Norma sighed. ‘It’s a long and difficult story. Let’s just say that I’m the daughter of someone very important in the Real World and Heydrich believed that by having me brought here to the Demi-Monde, he could exert some control over my father. It’s a simple blackmail scam.’
‘It would appear from what I heard this afternoon,’ added Dabrowski, ‘that there was some danger of the Daemons “pulling the plug”, as Miss Williams called it, on the DemiMonde, of destroying our world. Heydrich had Miss Williams brought here as a hostage to prevent this happening.’
Norma shook her head vigorously and looked imploringly around the little group. ‘Look… guys… there’s no chance of that. I can guarantee that no one is pulling the plug on this little holiday haven of yours. No one in the Real World wants to harm the Demi-Monde… no one wants to shut it down…’
Dabrowski wasn’t so easily convinced. ‘I think it might be better to keep you close, Miss Williams, until we establish the truth of that last statement.’
‘Guys… it’s imperative I get out of the Demi-Monde. Heydrich wants my place in the Real World to be taken by his daughter.’
Now it was the Shade’s turn to be shocked. ‘Heydrich’s going to substitute his daughter for you in the Real World? But why?’
Norma gave a rueful smile. ‘Heydrich’s sentient. He knows all about his previous existence in the Real World.

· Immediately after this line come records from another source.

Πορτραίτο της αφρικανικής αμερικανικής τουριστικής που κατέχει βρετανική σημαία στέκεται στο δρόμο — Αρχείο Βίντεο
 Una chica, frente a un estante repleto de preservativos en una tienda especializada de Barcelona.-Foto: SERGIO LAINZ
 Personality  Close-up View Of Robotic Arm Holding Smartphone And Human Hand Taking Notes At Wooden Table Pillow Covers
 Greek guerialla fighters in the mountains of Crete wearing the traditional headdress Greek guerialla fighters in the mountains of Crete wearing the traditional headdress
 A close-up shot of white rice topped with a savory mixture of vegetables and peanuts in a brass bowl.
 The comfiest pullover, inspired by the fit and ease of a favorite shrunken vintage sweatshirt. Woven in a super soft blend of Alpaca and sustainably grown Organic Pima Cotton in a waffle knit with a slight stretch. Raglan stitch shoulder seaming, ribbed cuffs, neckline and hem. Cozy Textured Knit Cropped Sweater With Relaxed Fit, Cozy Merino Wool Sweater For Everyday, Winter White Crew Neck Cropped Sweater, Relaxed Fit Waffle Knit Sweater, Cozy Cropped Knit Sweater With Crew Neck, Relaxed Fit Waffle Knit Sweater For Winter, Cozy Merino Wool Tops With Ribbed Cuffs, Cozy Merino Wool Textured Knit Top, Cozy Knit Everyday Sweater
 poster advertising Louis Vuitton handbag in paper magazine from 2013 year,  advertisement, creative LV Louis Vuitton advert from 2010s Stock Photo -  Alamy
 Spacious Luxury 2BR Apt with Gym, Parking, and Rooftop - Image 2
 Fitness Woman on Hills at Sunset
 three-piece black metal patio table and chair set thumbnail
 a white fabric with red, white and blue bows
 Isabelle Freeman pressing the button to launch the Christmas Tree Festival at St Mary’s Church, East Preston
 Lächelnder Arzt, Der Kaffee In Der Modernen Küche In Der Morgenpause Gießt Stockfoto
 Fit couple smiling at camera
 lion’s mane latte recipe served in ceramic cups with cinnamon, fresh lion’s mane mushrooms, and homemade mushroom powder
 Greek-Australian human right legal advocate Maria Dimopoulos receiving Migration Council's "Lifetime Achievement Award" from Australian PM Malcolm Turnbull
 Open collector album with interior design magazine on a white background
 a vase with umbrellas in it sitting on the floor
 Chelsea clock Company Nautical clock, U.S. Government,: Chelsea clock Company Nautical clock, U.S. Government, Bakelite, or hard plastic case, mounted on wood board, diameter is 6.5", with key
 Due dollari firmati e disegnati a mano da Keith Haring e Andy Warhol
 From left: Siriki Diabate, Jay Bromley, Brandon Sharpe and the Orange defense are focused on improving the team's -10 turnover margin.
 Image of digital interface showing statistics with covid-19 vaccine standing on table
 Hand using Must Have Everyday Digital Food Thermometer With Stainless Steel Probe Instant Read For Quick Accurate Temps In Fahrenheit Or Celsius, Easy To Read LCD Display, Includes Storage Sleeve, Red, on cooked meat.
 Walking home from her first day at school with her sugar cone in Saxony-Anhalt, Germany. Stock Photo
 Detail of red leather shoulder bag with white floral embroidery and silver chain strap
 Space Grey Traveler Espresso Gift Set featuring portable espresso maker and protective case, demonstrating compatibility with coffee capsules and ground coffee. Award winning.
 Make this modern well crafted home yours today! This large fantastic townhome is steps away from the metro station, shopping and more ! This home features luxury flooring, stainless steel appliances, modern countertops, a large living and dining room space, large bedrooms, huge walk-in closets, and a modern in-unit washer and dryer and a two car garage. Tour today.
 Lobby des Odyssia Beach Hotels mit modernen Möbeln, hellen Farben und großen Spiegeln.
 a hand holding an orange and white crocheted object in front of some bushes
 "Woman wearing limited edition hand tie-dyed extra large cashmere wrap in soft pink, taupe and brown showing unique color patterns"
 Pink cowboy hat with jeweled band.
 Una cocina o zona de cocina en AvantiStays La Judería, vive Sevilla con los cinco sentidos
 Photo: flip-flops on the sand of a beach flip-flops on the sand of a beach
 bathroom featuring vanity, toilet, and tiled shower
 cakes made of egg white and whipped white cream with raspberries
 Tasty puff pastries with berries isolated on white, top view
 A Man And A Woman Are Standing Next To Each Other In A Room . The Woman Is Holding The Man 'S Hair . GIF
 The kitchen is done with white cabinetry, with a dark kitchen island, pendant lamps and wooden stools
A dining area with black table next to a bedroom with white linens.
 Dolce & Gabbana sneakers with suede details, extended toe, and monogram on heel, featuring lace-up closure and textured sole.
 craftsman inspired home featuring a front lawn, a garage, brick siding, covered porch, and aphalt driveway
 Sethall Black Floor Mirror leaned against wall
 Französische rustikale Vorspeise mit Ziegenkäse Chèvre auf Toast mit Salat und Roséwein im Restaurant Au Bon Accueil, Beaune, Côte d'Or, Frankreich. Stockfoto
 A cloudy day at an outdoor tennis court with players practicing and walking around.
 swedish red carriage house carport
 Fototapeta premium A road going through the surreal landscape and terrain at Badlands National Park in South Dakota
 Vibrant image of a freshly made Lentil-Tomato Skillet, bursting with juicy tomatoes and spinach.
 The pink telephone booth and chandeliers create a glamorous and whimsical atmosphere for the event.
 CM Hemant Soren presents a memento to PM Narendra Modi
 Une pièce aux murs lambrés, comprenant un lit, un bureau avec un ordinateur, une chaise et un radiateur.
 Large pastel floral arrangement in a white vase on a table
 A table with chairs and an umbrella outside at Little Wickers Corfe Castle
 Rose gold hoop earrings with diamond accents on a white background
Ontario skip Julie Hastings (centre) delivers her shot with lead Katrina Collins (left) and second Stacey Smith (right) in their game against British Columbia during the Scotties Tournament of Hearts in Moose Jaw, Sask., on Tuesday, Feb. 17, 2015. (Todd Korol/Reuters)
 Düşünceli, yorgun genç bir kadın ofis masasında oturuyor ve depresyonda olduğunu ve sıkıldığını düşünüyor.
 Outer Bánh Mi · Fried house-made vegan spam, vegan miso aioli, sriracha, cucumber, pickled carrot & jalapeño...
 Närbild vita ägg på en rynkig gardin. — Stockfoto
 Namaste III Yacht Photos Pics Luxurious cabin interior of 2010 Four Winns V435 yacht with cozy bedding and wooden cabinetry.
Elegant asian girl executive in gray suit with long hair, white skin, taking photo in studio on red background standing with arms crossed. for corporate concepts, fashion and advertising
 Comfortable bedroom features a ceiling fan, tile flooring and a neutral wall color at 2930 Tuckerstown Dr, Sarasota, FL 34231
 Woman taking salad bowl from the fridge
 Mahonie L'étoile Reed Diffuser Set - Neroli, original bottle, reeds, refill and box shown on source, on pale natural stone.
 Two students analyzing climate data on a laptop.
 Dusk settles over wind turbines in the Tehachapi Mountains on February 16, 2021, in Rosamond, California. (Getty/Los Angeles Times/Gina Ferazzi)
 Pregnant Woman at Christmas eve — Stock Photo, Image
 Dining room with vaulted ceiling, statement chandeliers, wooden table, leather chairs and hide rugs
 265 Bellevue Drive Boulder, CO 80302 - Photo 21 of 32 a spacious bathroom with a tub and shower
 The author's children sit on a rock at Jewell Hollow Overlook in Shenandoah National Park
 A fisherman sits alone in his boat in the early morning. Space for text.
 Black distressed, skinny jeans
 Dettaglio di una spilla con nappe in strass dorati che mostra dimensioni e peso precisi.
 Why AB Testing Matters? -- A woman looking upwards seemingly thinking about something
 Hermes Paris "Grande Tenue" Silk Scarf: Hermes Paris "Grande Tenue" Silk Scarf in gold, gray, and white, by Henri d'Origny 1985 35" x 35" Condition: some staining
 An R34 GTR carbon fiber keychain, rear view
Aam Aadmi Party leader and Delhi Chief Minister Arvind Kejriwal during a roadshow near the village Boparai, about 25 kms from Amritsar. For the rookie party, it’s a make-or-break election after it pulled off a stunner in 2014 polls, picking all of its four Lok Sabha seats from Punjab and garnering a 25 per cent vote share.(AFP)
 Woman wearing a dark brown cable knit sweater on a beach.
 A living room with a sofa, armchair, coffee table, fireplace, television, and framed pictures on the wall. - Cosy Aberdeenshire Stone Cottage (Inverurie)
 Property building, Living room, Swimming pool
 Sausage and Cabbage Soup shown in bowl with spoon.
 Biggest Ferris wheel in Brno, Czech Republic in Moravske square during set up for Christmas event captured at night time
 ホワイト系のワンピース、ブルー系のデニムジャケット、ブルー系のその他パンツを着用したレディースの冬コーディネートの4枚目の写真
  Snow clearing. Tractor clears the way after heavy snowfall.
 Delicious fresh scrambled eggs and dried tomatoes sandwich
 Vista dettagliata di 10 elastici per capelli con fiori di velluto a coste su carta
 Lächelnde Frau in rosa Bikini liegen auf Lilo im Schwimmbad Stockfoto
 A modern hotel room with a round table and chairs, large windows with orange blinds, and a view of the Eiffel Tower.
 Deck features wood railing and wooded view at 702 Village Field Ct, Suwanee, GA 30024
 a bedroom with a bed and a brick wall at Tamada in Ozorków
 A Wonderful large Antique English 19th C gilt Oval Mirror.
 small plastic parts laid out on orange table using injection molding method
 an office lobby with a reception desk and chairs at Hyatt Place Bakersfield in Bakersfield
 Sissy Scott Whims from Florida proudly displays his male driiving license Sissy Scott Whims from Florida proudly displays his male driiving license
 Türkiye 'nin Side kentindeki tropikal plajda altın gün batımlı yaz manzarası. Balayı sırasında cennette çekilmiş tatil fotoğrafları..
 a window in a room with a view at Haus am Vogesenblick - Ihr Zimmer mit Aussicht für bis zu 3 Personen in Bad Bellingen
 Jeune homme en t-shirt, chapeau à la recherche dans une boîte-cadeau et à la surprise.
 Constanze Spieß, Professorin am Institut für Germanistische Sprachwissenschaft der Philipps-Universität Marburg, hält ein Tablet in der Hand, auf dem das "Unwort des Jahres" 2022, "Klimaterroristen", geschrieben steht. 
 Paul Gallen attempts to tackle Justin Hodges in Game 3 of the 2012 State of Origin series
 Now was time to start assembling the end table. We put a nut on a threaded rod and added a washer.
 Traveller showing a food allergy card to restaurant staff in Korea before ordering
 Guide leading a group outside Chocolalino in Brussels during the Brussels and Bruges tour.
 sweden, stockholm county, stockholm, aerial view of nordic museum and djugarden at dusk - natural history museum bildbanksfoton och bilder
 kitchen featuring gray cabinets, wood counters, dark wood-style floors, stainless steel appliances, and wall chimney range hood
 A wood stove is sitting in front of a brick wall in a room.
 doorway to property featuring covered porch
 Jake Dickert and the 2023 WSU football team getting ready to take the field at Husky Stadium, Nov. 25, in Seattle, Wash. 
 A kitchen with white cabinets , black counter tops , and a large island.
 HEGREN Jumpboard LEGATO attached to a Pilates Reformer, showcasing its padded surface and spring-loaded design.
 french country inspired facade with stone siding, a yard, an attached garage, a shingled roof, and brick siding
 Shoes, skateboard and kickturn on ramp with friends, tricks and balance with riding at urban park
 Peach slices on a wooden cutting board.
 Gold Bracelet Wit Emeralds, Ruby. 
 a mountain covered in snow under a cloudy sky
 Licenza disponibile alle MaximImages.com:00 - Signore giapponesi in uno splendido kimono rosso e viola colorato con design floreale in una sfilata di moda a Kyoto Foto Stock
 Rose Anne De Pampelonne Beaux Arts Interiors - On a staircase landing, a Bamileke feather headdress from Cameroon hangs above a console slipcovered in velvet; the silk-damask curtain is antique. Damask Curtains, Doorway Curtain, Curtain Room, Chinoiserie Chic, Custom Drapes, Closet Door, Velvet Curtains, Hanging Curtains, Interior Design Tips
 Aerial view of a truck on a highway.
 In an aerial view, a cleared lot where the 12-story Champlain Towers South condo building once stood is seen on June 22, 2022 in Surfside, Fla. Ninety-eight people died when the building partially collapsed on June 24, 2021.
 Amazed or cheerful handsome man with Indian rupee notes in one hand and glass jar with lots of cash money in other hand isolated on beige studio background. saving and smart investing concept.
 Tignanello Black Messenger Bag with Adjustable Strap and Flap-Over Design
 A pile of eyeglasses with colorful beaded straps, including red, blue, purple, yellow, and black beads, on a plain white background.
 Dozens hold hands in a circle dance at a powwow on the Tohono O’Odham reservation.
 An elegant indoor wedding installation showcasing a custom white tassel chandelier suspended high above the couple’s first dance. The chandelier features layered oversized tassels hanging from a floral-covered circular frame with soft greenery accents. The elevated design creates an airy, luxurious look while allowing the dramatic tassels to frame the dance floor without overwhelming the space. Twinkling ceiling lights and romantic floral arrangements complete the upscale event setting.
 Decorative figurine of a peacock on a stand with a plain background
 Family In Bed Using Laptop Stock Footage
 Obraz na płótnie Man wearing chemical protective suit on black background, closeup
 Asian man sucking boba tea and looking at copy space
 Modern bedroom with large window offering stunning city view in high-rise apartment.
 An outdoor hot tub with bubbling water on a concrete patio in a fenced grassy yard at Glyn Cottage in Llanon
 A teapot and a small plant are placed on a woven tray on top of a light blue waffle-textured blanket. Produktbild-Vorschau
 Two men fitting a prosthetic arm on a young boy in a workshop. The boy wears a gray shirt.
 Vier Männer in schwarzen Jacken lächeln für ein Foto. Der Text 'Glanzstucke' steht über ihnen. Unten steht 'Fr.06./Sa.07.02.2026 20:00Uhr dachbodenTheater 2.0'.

He wants to get back there, to finish what the Nazis started eighty or so years ago.’
‘Jesus, I thought that bastard looked at me sideways when he saw me dancing tonight. He must have recognised me.’
For a minute or two everyone in the steamer’s cabin fell quiet, each of them lost in their own thoughts. It was Vanka who broke the silence. ‘Okay,’ he said wearily, ‘I’m getting a little confused here, but I have a suspicion that we might be missing the point. Surely the important thing, right now, is for us to avoid being captured by the Checkya. Call me a man of limited ambition but all I’m currently interested in is making sure Beria doesn’t have the opportunity to play Billy the Butcher on my body. So can we forget about all this nonsense about “portals” and “Dupes” and suchlike, and just concentrate on getting safely to the Ghetto?’
‘But I’ve got to get to NoirVille,’ persisted Norma.
‘You should listen to Vanka, Norma,’ the Shade said. ‘As of now we haven’t a prayer of getting to NoirVille on our own. I reckon our only hope of surviving will be to haul ass to the Warsaw Ghetto and then make a move to NoirVille when the heat has died down.’
Norma appeared less than happy with what her fellow Daemon was saying, but any further protests were silenced when Wysochi turned around and addressed Dabrowski. ‘Looks like the Checkya have barricaded the road ‘bout a half-mile ahead, Sir. It might be a good time to start walking.’
The journey to the Warsaw Ghetto was one that Ella would rather forget. It was snowing heavily and without Vanka’s coat she would have frozen to death long before they got to the Rhine. As it was, the series of heart- stopping dodges and scuttles out of London and through the backstreets of Berlin that Vanka deemed necessary to throw off the Checkya was enough to leave her tired, cold and very, very frightened.
All the euphoria of actually pulling off the rescue had long since dissipated, now all she wanted was to get somewhere warm and preferably away from the ungrateful bitch limping and whining along behind her. Norma Williams had turned out to be a world-class complainer.